# PROBLEM DETAILS
Please restate each line of the material word for word and omit any pictures.

# DATASET CONTENT
Segment Open
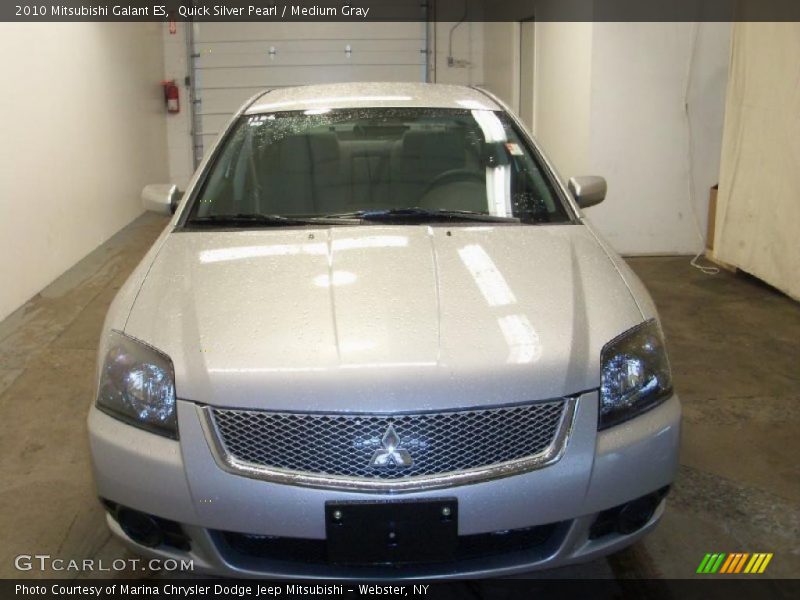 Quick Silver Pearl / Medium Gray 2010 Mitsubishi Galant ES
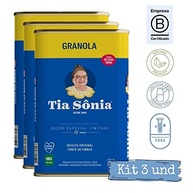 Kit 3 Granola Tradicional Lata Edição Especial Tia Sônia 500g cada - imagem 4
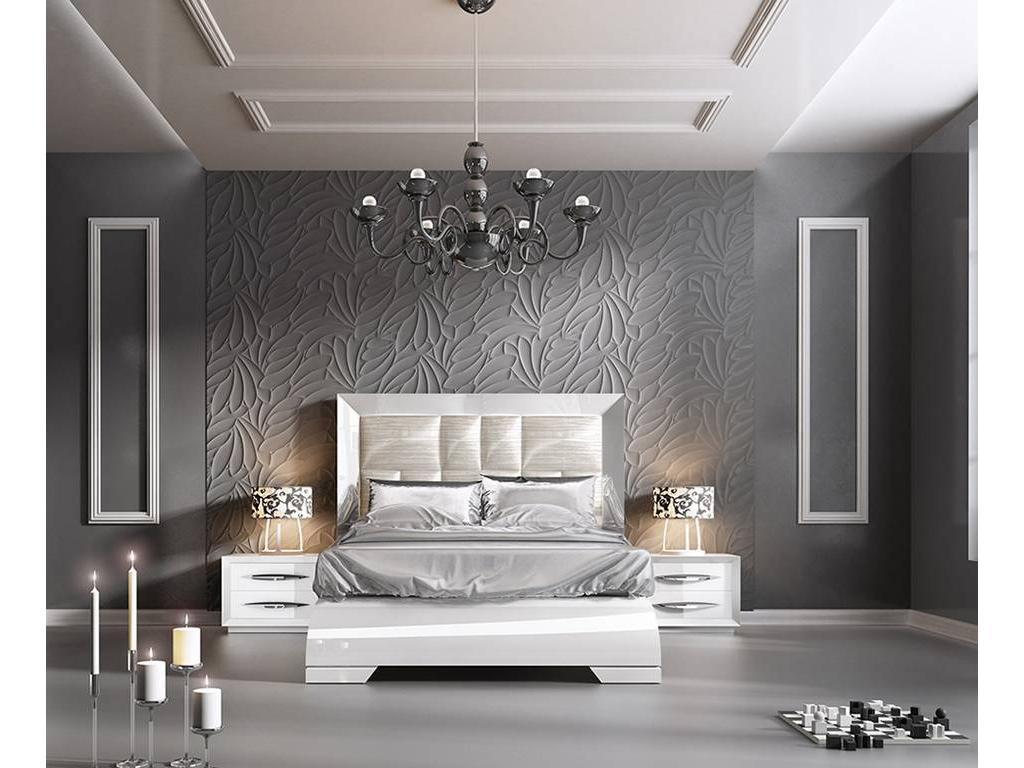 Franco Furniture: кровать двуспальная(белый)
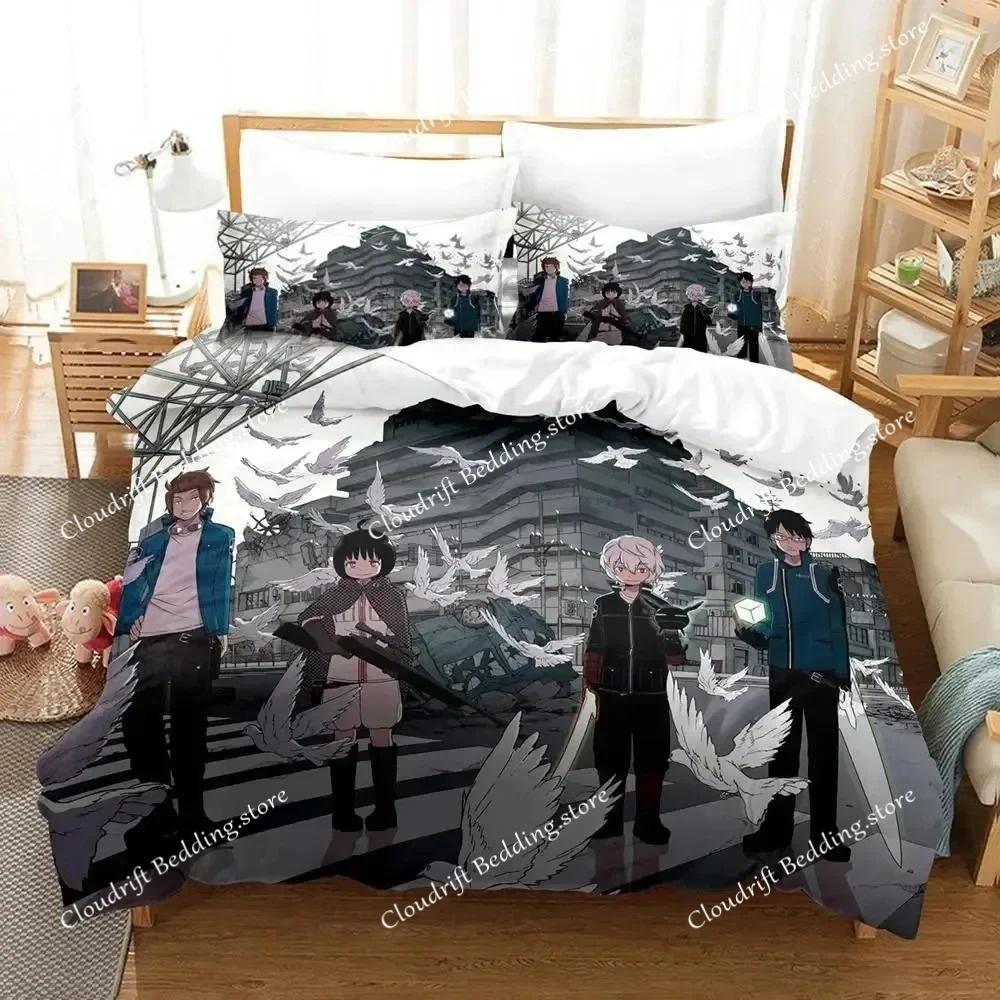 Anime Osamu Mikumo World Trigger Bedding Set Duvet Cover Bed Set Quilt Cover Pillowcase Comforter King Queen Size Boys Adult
Segment Closed
# OUTPUT BELOW
 Quick Silver Pearl / Medium Gray 2010 Mitsubishi Galant ES
 Kit 3 Granola Tradicional Lata Edição Especial Tia Sônia 500g cada - imagem 4
 Franco Furniture: кровать двуспальная(белый)
 Anime Osamu Mikumo World Trigger Bedding Set Duvet Cover Bed Set Quilt Cover Pillowcase Comforter King Queen Size Boys Adult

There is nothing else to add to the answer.